#### Assignment
Write out exactly the lines of the entries below from the one holding "GHHKUD Landscape Paint" to the one holding "Mesa de comedor", inclusive, and leave out all other lines.

# # # # # # #

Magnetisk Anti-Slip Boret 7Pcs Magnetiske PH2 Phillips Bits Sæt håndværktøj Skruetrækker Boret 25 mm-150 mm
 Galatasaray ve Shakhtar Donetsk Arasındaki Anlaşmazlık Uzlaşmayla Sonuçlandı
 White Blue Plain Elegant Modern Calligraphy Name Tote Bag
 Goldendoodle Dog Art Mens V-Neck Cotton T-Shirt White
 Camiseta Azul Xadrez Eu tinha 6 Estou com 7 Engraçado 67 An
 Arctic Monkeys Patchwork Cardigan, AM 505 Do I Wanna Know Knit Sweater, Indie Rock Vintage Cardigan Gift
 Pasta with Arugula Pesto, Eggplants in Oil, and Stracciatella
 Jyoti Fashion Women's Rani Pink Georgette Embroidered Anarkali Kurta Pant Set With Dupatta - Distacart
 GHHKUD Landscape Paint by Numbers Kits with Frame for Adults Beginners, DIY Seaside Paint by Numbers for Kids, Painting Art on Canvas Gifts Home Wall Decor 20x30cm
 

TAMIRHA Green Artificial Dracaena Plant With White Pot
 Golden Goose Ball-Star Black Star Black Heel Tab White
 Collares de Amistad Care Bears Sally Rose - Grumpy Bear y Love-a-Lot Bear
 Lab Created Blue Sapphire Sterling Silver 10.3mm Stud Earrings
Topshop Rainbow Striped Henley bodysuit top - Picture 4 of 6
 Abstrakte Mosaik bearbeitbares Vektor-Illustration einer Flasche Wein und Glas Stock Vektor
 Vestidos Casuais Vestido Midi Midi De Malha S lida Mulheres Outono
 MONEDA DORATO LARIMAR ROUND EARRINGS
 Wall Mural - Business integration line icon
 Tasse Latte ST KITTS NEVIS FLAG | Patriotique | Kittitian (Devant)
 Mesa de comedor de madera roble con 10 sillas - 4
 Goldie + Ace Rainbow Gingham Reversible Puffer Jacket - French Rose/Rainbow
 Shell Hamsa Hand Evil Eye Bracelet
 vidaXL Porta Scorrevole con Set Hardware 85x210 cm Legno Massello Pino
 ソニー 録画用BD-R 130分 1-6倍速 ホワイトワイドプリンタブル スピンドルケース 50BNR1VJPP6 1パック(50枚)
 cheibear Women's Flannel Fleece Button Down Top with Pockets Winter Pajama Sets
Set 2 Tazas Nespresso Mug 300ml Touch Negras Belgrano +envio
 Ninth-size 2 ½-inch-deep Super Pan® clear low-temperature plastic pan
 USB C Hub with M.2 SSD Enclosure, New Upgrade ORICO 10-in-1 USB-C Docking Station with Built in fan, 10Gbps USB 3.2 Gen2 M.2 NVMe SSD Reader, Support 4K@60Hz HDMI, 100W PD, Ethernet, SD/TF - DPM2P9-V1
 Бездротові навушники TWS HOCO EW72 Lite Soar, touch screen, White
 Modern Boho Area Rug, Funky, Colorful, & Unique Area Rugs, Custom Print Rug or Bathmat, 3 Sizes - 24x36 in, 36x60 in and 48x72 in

# # # # # # #

#### Response area
 GHHKUD Landscape Paint by Numbers Kits with Frame for Adults Beginners, DIY Seaside Paint by Numbers for Kids, Painting Art on Canvas Gifts Home Wall Decor 20x30cm
 

TAMIRHA Green Artificial Dracaena Plant With White Pot
 Golden Goose Ball-Star Black Star Black Heel Tab White
 Collares de Amistad Care Bears Sally Rose - Grumpy Bear y Love-a-Lot Bear
 Lab Created Blue Sapphire Sterling Silver 10.3mm Stud Earrings
Topshop Rainbow Striped Henley bodysuit top - Picture 4 of 6
 Abstrakte Mosaik bearbeitbares Vektor-Illustration einer Flasche Wein und Glas Stock Vektor
 Vestidos Casuais Vestido Midi Midi De Malha S lida Mulheres Outono
 MONEDA DORATO LARIMAR ROUND EARRINGS
 Wall Mural - Business integration line icon
 Tasse Latte ST KITTS NEVIS FLAG | Patriotique | Kittitian (Devant)
 Mesa de comedor de madera roble con 10 sillas - 4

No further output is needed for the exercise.